▸ Task to complete: Only one stretch of the records below is wanted: the lines from the one holding "A little kitchen" through the one holding "To stabilize the". Return it exactly, both ends included.

▸ Source material:

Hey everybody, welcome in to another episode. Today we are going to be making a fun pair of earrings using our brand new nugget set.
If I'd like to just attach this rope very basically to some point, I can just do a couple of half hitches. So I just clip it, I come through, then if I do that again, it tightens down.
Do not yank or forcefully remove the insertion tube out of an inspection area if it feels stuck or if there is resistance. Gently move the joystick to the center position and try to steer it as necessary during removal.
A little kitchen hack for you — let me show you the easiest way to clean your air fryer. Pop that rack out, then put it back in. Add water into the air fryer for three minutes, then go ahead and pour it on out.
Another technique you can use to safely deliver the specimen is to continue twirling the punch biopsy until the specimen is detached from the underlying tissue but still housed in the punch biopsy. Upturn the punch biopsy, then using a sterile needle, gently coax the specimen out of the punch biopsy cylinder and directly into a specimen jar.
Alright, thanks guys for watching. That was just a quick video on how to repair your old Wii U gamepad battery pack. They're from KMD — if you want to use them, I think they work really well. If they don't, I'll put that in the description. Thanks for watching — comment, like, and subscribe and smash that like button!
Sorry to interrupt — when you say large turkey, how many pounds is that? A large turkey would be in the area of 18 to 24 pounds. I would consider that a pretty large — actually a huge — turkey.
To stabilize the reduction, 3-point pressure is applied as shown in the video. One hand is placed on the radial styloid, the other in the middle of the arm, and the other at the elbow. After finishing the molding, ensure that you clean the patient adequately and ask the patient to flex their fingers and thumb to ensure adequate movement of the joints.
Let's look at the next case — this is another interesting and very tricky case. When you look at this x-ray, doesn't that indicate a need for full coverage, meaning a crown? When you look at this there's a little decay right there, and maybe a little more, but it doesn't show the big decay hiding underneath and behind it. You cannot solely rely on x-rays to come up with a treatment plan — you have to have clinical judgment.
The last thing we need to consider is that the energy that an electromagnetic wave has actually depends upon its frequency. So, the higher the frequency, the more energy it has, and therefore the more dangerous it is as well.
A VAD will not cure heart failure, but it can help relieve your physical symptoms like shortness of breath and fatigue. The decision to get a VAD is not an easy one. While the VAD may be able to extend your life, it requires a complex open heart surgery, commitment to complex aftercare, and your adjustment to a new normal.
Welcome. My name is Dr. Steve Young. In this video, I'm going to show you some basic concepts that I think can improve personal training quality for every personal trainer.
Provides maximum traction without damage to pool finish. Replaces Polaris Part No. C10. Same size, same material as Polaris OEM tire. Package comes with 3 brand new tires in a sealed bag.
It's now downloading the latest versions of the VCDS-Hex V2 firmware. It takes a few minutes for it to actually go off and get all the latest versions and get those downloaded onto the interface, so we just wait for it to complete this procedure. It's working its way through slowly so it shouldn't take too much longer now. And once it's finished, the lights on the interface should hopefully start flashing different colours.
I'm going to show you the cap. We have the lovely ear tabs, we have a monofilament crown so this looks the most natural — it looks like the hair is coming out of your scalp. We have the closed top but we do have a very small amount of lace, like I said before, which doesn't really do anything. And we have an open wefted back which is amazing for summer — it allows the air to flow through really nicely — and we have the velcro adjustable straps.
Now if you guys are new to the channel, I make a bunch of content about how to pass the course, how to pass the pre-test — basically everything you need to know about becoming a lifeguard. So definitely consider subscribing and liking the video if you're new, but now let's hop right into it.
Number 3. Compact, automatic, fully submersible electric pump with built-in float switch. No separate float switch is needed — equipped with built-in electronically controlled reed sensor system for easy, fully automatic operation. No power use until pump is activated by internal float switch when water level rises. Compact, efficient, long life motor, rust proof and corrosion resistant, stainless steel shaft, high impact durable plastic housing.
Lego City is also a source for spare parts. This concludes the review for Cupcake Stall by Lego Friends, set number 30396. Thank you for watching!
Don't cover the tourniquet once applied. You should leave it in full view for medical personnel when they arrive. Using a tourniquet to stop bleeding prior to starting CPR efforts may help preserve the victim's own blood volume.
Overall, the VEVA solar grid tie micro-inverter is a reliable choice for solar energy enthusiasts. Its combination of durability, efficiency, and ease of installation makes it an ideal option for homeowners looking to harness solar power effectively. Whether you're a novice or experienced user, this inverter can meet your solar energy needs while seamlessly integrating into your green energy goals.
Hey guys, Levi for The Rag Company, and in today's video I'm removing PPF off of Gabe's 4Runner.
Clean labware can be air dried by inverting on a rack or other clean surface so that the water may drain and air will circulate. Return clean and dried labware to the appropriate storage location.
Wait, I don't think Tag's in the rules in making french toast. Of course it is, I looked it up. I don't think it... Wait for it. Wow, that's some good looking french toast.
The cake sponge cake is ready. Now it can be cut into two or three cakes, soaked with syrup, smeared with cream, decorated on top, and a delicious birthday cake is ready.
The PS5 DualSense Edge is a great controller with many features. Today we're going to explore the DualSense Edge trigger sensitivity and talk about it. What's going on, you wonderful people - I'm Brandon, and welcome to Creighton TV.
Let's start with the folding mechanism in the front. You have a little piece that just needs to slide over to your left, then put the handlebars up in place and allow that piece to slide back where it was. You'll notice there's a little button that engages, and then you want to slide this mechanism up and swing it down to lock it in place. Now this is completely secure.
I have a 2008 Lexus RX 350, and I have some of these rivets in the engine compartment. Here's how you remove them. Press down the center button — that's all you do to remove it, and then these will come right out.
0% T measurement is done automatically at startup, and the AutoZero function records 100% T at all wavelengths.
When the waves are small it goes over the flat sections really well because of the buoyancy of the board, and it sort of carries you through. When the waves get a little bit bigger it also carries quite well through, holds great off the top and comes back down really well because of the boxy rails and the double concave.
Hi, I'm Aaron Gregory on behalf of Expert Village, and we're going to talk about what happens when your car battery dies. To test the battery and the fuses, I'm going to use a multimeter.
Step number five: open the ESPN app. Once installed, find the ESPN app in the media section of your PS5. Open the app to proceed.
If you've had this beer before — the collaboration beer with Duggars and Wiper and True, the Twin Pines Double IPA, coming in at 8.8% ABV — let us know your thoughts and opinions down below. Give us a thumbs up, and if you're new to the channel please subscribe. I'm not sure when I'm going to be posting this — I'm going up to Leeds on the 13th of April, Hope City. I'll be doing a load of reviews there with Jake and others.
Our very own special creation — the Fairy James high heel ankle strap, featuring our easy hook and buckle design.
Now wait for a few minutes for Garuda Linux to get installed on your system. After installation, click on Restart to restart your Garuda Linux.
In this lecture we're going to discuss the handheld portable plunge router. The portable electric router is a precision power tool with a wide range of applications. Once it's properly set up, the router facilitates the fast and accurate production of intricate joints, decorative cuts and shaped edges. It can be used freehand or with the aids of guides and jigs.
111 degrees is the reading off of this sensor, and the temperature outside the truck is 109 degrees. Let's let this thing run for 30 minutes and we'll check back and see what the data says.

▸ The answer:
A little kitchen hack for you — let me show you the easiest way to clean your air fryer. Pop that rack out, then put it back in. Add water into the air fryer for three minutes, then go ahead and pour it on out.
Another technique you can use to safely deliver the specimen is to continue twirling the punch biopsy until the specimen is detached from the underlying tissue but still housed in the punch biopsy. Upturn the punch biopsy, then using a sterile needle, gently coax the specimen out of the punch biopsy cylinder and directly into a specimen jar.
Alright, thanks guys for watching. That was just a quick video on how to repair your old Wii U gamepad battery pack. They're from KMD — if you want to use them, I think they work really well. If they don't, I'll put that in the description. Thanks for watching — comment, like, and subscribe and smash that like button!
Sorry to interrupt — when you say large turkey, how many pounds is that? A large turkey would be in the area of 18 to 24 pounds. I would consider that a pretty large — actually a huge — turkey.
To stabilize the reduction, 3-point pressure is applied as shown in the video. One hand is placed on the radial styloid, the other in the middle of the arm, and the other at the elbow. After finishing the molding, ensure that you clean the patient adequately and ask the patient to flex their fingers and thumb to ensure adequate movement of the joints.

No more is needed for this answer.